Otros aspectos de estas danzas místicas son las contorsiones corporales y el arrancarse las ropas que a veces las acompañan. Si éstas son resultado de un estado de auténtico éxtasis, no hay nada que decir contra ellas, pero si son conscientes y deliberadas por parte de aquellos que desean aparecer como ‘adeptos’, entonces no son más que simples actos de hipocresía. En cualquier caso, el adepto más perfecto es aquel que se controla hasta que se ve absolutamente obligado a dar rienda suelta a sus sentimientos. Se cuenta de un cierto joven, discípulo del jeque Junaid, que al oir comenzar los cánticos en una asamblea de sufíes, no pudo contenerse y empezó a gritar en éxtasis. Junaid le dijo: “Si vuelves a hacer eso no permanezcas en mi compañía”. A partir de entonces el joven solía contenerse en tales ocasiones, hasta que un día algo agitó sus emociones de tal manera que, tras una larga y violenta represión, lanzó un chillido y murió.

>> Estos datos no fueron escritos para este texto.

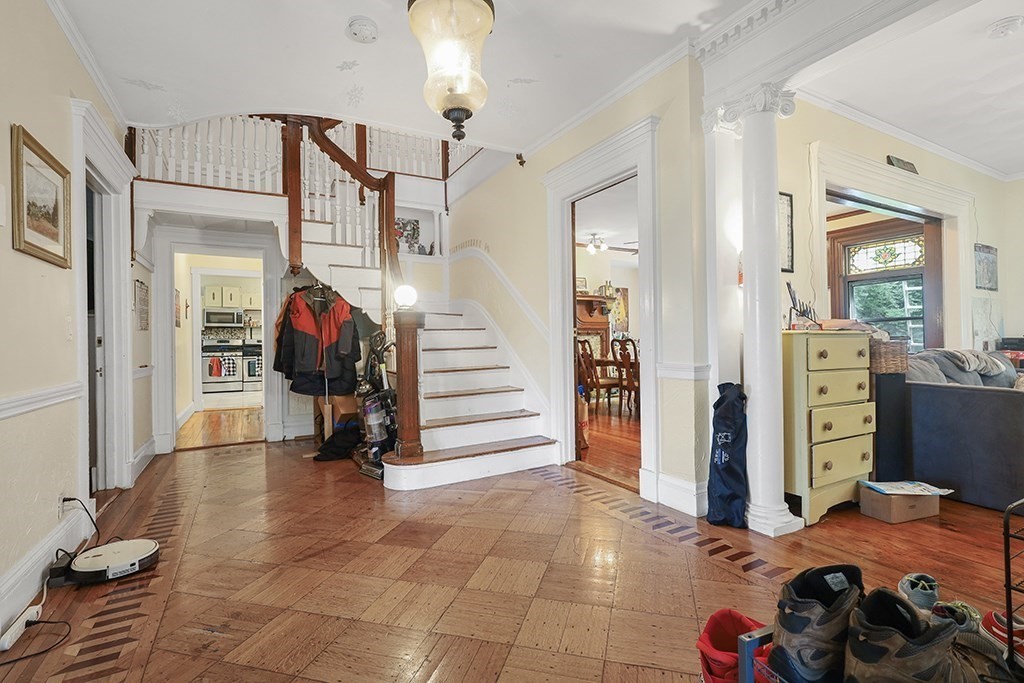70 Peter Parley Road Boston, MA 02130 - Photo 12 of 35 a view of a livingroom with furniture and stairs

En conclusión: al celebrar estas asambleas hay que tener en consideración el momento y el lugar, y que no haya espectadores que vengan por razones indignas. Aquellos que participan en ellas deben sentarse en silencio, no mirarse unos a otros sino mantener sus cabezas agachadas, como rezando, y concentrar sus mentes en Dios. Cada uno debe estar atento a cualquier cosa que se le pueda revelar en su corazón, y no hacer ningún movimiento provocado por un impulso consciente. Pero si uno cualquiera se levanta en estado de auténtico éxtasis, los demás deben levantarse con él, y si cayera el turbante de uno de ellos, los demás deben quitarse los turbantes.
Aunque estas cuestiones son relativamente novedosas en el Islam y no nos han llegado a través de los primeros seguidores del Profeta, debemos recordar que no todas las novedades están prohibidas, sino sólo aquellas que contravienen la Ley. Por ejemplo, el Tarawith, u oración nocturna, fue instituido por el Califa Omar. El Profeta dijo: “Vive con cada hombre según sus costumbres e inclinaciones”, y por tanto es correcto acomodarse a los usos que dan gusto a la gente cuando lo contrario puede turbarles. Es cierto que los compañeros no tenían costumbre de levantarse cuando entraba el Profeta, ya que les disgustaba hacerlo; pero allí donde se ha convertido en costumbre, y abstenerse de hacerlo pueda molestar, es mejor acomodarse a ello. Los árabes tienen sus propias costumbres y los persas las suyas, y sólo Dios sabe cuales son mejores.

Notas:
1. Literalmente, Los de Fuera.
2. La esposa más joven de Muhámmad.
3. Que posteriormente sería el primer califa.